As mentioned earlier, a bloom filter can only answer any query in yes or no. For example, if there exists a BF for a human chromosome 16 and if a certain disease pattern needs to be checked whether it is present in that chromosome or not, the BF can answer the query in “yes” if the pattern is present or “no” if the pattern is not present. However, in medical science, it is significant to determine the presence of the pattern in the certain chromosome but also the position of that pattern in the chromosome. It is because the location of the disease pattern can also determine the type of the disease; e.g., Maturity Onset Diabetes of the Young (MODY), which is an inherited form of diabetes mellitus, has more than ten different types. Based on the location of the pattern, the type of the disease can be found. Moreover, the number of times a certain pattern is reported in the DNA sequence is also important as it shows the intensity of the disease. For example, the high repetition of the pattern CTG/CAG is often linked with the Huntington’s disease. However, algorithms have been previously proposed where compression is achieved through BFs but to retrieve the original sequence it must be decompressed. Through this paper, we addressed some of these problems due to which BFs are not particularly preferred for pattern matching and sequence compression. Following are the main contributions of this work:(i)We propose an algorithm using multiple BFs to compress DNA sequences which eliminates the need to store the original DNA sequence for pattern searching tasks(ii)We propose and integrate techniques for identifying the exact location of the pattern as well as the number of times the pattern is repeated in the sequence, within the compressed sequence(iii)We provide initial experimental results for evaluating the accuracy and time efficiency of the proposed approach along with deficiencies observed and identify potential future research directions

The remainder of this paper is organized as follows: Section 2 covers the related work. The proposed algorithm is discussed in Section 3. Section 4 presents the experimental results and finally the last section presents the conclusions.

2. Literature Review

Compression algorithms for DNA or genome generally fall into four categories. The first category is naive-bit encoding where one or more characters are represented by a certain codeword. For example, the simplest encoding for DNA sequence can be obtained by assigning 2 unique pair of bits to each of the unique alphabet present in a DNA sequence like A=00, C=01, G=10, and T=11 [13]. The second category is a dictionary-based or substitutional compression. It is mostly observed that a DNA sequence consists of a lot of repeated sequences. As a result, the repeated sequences can be replaced by references to a dictionary that is either built offline or is maintained at runtime [4]. The most common dictionary-based algorithms include LZ77 and LZ78.

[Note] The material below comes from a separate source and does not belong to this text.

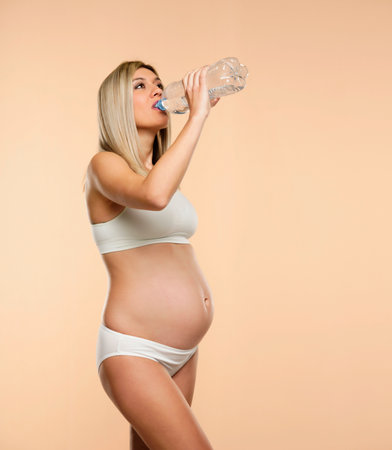 Young pregnent woman in lingerie drinks water from a plastic bottle on a beige backgroundの写真素材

Further, there are statistical methods that achieve extremely good compression rates by generating probabilistic models based on genome datasets [57]. The fourth category is referential compression where any repeated sequence in an input dataset is replaced with a reference to one or more external DNA sequences [811]. A data structure plays a critical role in any algorithm designed for achieving good compression ratios, fast searching of patterns inside sequences, or both. Many algorithms proposed in the area of bioinformatics make use of self-index-based data structures to achieve above mention goals. They can be used to avoid the need of keeping large files of text along with the index [1215]. The index itself contains sufficient information that any part of the text can be recreated. Some of the examples of self-indexes include compressed suffix array (CSA), Succinct Suffix Array (SSA), and FM-index [1619]. In addition to this, there are other variations of indexes as well [20] and some of them are shown under different categories in Table 1.


Data StructureVariants

Full-Text IndexSuffix Array [20]
Full-Text IndexSuffix Tree [20]
Self-IndexCompressed Suffix Array (CSA) [16]
Self-IndexRun Length Compressed Suffix Array (RLCSA) [12]
Self-IndexSuccinct Suffix Array [13]
Self-IndexFM-Index [17]
Self-IndexAlphabet Friendly FM-Index [18]
Self-IndexLZ-Index [19]
Word-based Self-IndexWord based Compressed Suffix Array (WCSA) [14]
Word-based Self-IndexWord based Succinct suffix array (WSSA) [14]
Word-based Self-IndexByte oriented Codes wavelet Tree (BOC-WT) [37]
Probabilistic-IndexFast and Accurate Classification of Sequences (FACS) [23]
Probabilistic-IndexProbabilistic de Bruijn Graph [21]
Probabilistic-IndexBloom filter Alignment-free reference-based Compression and Decompression (BARCIDE) [22]
Probabilistic-IndexSequence Bloom Tree [24]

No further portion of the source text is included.